Politics

Pope’s Visit — Squabbles Among the Planners

The stretch of beach along the Costa Verde being already conditioned for a papal mass for close to two million people in Jan. 2018.

President Kuczynski’s enthusiasm that Pope Francis’ visit in January next year will “unite Peruvians and open up paths of hope for the future” has just met one of its first, or at least public, dampeners as squabbles erupt over the venue for the final mass.

The initial choice of location for the mass, expected to attract up to two million people on Jan.21, was the Costa Verde, on the wide stretch of beach in the Magdalena district.  Magdalena’s mayor, Francis Allison, said the Vatican had opted for the beach even though the government had preferred the Las Palmas air force base.

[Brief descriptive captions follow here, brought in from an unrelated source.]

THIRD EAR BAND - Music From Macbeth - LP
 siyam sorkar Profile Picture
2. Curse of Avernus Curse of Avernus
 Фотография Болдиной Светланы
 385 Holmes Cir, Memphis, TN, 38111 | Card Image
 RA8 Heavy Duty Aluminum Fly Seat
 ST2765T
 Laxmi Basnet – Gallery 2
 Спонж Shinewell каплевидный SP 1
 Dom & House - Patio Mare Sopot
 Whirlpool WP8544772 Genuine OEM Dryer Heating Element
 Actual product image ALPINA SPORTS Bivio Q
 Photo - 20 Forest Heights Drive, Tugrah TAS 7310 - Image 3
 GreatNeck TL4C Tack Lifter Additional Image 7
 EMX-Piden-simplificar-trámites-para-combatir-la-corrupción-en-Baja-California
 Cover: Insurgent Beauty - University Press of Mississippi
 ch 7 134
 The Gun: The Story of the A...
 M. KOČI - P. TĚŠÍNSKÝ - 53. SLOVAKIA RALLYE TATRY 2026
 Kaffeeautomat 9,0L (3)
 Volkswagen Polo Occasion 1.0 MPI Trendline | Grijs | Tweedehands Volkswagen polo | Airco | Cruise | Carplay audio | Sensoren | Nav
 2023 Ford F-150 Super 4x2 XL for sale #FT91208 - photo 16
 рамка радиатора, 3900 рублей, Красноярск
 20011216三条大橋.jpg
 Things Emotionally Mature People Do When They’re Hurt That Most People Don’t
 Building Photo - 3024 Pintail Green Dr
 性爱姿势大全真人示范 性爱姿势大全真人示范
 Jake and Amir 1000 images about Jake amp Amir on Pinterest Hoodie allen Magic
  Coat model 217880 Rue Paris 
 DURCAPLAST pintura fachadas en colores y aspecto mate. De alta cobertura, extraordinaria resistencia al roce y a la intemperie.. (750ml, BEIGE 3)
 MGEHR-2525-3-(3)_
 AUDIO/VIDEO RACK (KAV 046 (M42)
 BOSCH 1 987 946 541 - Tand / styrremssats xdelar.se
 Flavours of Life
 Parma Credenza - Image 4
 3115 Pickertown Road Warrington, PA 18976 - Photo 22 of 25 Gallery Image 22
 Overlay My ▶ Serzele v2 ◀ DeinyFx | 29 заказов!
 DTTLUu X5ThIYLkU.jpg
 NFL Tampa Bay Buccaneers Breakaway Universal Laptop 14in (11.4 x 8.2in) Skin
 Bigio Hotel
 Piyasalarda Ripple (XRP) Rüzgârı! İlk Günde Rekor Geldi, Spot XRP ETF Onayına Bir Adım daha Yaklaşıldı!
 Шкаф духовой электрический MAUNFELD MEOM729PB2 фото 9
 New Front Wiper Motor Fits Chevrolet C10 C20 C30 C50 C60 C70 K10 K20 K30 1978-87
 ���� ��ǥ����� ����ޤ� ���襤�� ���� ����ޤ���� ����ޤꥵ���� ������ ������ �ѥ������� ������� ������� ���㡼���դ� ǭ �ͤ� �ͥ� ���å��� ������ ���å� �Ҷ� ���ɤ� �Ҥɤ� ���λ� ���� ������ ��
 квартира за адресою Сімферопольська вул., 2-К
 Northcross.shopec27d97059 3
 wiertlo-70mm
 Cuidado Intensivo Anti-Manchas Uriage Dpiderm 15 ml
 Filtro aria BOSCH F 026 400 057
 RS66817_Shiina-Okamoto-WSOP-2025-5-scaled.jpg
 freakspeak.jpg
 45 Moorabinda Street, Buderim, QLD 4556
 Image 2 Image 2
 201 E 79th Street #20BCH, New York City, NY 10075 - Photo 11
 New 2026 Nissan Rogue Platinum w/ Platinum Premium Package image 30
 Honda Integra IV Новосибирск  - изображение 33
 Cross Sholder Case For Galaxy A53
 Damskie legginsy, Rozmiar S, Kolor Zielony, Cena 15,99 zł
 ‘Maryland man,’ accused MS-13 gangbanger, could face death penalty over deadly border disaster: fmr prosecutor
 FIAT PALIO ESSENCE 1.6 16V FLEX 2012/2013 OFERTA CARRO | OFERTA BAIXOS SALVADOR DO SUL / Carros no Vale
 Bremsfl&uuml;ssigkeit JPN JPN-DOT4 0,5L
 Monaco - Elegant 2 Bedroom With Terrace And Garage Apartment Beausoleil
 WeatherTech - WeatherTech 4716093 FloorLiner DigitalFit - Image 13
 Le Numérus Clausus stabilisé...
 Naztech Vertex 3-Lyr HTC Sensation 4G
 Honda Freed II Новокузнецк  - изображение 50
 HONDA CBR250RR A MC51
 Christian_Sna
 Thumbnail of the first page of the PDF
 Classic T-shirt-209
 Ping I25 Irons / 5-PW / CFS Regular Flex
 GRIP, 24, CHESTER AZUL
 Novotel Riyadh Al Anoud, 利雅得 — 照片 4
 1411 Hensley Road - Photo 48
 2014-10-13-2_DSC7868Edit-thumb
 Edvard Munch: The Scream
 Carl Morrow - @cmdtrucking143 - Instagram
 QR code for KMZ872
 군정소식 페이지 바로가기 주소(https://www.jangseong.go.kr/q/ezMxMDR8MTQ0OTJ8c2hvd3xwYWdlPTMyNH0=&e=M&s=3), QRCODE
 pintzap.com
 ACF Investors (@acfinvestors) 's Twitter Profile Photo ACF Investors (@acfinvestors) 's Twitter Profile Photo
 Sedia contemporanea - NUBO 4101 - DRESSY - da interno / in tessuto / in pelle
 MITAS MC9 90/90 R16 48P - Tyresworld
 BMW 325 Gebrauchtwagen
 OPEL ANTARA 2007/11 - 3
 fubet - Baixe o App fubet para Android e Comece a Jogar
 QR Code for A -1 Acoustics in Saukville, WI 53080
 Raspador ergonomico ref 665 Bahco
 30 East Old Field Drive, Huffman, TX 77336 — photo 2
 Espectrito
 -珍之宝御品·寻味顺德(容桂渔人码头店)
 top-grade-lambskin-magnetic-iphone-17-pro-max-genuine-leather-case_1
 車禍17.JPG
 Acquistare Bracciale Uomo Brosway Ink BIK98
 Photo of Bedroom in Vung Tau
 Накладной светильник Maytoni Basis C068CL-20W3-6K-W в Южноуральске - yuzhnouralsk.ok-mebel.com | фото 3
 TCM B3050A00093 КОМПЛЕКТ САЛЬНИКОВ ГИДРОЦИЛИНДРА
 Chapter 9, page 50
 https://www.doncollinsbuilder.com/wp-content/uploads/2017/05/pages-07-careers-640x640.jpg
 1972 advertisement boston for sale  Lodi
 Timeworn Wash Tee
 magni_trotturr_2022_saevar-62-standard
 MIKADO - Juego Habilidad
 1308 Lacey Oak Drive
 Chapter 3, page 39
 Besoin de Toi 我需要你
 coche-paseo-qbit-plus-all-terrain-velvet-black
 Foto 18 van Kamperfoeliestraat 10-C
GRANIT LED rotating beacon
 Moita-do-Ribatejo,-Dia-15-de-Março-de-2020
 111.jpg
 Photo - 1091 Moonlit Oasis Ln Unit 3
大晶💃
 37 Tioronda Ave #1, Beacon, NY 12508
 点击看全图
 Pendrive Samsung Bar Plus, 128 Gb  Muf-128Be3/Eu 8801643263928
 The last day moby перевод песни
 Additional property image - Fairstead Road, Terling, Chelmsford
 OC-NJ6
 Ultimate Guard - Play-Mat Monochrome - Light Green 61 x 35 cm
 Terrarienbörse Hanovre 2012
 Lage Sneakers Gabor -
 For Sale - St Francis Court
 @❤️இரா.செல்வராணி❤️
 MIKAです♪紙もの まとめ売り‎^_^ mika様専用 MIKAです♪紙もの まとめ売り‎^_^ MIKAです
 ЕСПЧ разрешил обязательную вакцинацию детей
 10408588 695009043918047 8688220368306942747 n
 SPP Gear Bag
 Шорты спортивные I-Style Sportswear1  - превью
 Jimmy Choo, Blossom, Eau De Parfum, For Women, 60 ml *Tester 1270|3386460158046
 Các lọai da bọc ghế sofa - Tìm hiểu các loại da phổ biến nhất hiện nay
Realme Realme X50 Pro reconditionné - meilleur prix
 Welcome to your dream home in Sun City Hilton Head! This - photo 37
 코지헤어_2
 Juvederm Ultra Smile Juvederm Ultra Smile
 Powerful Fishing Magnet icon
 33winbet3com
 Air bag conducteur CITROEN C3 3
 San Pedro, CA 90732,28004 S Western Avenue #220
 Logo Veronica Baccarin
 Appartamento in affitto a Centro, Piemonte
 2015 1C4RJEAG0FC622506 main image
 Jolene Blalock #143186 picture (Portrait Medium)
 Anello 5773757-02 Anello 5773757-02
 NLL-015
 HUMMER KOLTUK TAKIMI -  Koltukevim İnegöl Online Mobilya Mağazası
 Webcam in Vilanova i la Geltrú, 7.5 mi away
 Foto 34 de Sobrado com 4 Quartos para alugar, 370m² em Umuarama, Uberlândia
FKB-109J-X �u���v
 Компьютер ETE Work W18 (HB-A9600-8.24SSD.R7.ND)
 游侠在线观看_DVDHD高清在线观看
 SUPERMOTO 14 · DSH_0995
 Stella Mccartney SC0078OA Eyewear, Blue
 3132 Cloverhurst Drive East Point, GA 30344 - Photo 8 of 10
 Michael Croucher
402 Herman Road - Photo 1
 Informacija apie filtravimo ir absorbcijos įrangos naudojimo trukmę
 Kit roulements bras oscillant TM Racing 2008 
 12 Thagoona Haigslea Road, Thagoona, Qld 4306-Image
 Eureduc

However, while Kuczynski was still in Rome, the deputy minister of the Interior publicly announced that the Costa Verde was unsuitable    Ricardo Valdes said the reasons were two — the cliffs and the sea.  In an interview on Canal N TV, Valdes said there are too few escape routes on the Costa Verde if an earthquake and tsunami should occur during the event. Besides the Las Palmas base, Valdes said equally large open spaces were being scouted out north and south of the city.

The recent earthquake in Mexico has led seismic experts in Peru to stress the need for earthquake preparedness at all times, particularly in Lima with a population of over 10 million, considering there have been no major quakes in over 270 years.

Labor minister Alfonso Grados, who heads the huge organizational task in Peru for the pope’s visit, said Valdes’ statement had been hasty and inappropriate and that proper security measures were being planned for the Costa Verde.  Work has already begun on conditioning the terrain.

Both Allison and the mayor of San Miguel, Eduardo Bless, said on RPP that they would support whatever decision was made on the location, but Lima’s archbishop, Cardinal Cipriani, has not been as amenable to a possible change.

“I have not been informed of any change,“ said Cipriani during his Saturday morning radio show on RPP.

Cipriani questioned the authority of anyone other than President Kuczynski and minister Grados in the decisions regarding the papal visit. “It’s one thing to prepare and warn the population,” he said. “It’s another to create panic about whether there is an earthquake tomorrow or the day after. Let’s not be prophets of doom. Let’s be people who prevent, educate, help, stimulate and begin to do things so that we are ready for when an earthquake does occur.”

But there is more to the cardinal’s preference for the Costa Verde than is immediately obvious, at least according to  Rosa Maria Palacios and Augusto Alvarez Rodrich, both columnists for La Republica daily.

Cardinal Juan Luis Cipriani, second from left, and the heads of the Peruvian Conference of Bishops. Photo: Arzobispado de Lima

The Costa Verde is within the cardinal’s jurisdiction, whereas the Las Palmas air base falls under the jurisdiction of the military bishop, Juan Carlos Vera, who would be expected to preside over the mass with the pope or at least share the stage with the cardinal.

According to Alvarez Rodrich, Cipriani has also been boycotting efforts by the Peruvian Conference of Bishops in sharing any responsibility in the papal events in January.  There is little love lost between them. The bishops, bucking decades  if not centuries of tradition, have never elected Cipriani to head the conference in the 18 years since he became Archbishop of Lima. Cipriani has promoted the appointment of several Opus Dei bishops in the provinces, hoping to tip the balance in his favor, but to no avail.  He is hoping, says Alvarez Rodrich, to earn a nod from Pope Francis during the upcoming visit and thus influence the election to head the bishops for his final year before retiring in Dec. 2018 at the age of 75.